Gerekçe ve Sonuç: Hazineye ait taşınmazın devrine esas olan satış işleminin idari işlem niteliğinde olduğu ve bu idari işlemin iptal edilmeden tapu iptali ve tescil davasının dinlenemeyeceği gözetilerek, Bölge Adliye Mahkemesi kararının onanmasına karar verilmiştir.

Karar Metni

"İçtihat Metni"

MAHKEMESİ : Bursa Bölge Adliye Mahkemesi 10. Hukuk Dairesi

SAYISI : 2022/1260 E., 2023/1600 K.

KARAR : İstinaf Başvurusunun Esastan Reddine

İLK DERECE MAHKEMESİ : Söğüt Asliye Hukuk Mahkemesi

SAYISI : 2021/434 E., 2022/96 K.

Taraflar arasındaki 6292 Sayılı Orman Köylülerinin Kalkınmalarının Desteklenmesi ve Hazine Adına Orman Sınırları Dışına Çıkarılan Yerlerin Değerlendirilmesi ile Hazineye ait Tarım Arazilerinin Satışı Hakkında Kanun'un (6292 Sayılı Kanun) 12 inci maddesi uyarınca yapılan satış sonucu oluşan tapu kaydının yolsuz olduğu iddiasıyla açılan tapu iptali ve tescili davasından dolayı yapılan yargılama sonunda İlk Derece Mahkemesince davanın reddine karar verilmiştir.

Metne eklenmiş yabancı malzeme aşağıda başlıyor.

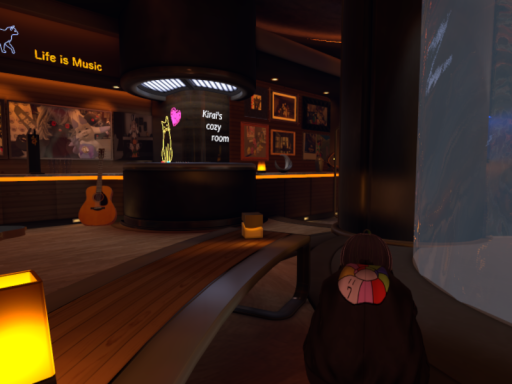 キライちゃんのきみつひち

Kararın, davacı Hazine vekili tarafından istinaf edilmesi üzerine, Bölge Adliye Mahkemesince başvurunun esastan reddine karar verilmiştir.

Bölge Adliye Mahkemesi kararı, davacı Hazine vekili tarafından temyiz edilmekle; kesinlik, süre, temyiz şartı ve diğer usul eksiklikleri yönünden yapılan ön inceleme sonucunda, temyiz dilekçelerinin kabulüne karar verildikten ve Tetkik Hâkimi tarafından hazırlanan rapor dinlendikten sonra dosyadaki belgeler incelenip gereği düşünüldü:

K A R A R

Kadastro sırasında Bilecik ili Söğüt ilçesi ... Köyünde bulunan 107 ada 23 parsel sayılı 5.760,00 metrekare yüzölçümündeki taşınmaz tarla vasfıyla Hazine adına tespit ve tescil edilmiş, bilahare 25.06.2019 tarihinde 6292 sayılı Kanun uyarınca yapılan satış sonucunda davalı ..., ardından kayden satış yoluyla 30.10.2020 tarihinde son kayıt maliki olan dava dışı ... ... Bayraktar adına tescil edilmiştir.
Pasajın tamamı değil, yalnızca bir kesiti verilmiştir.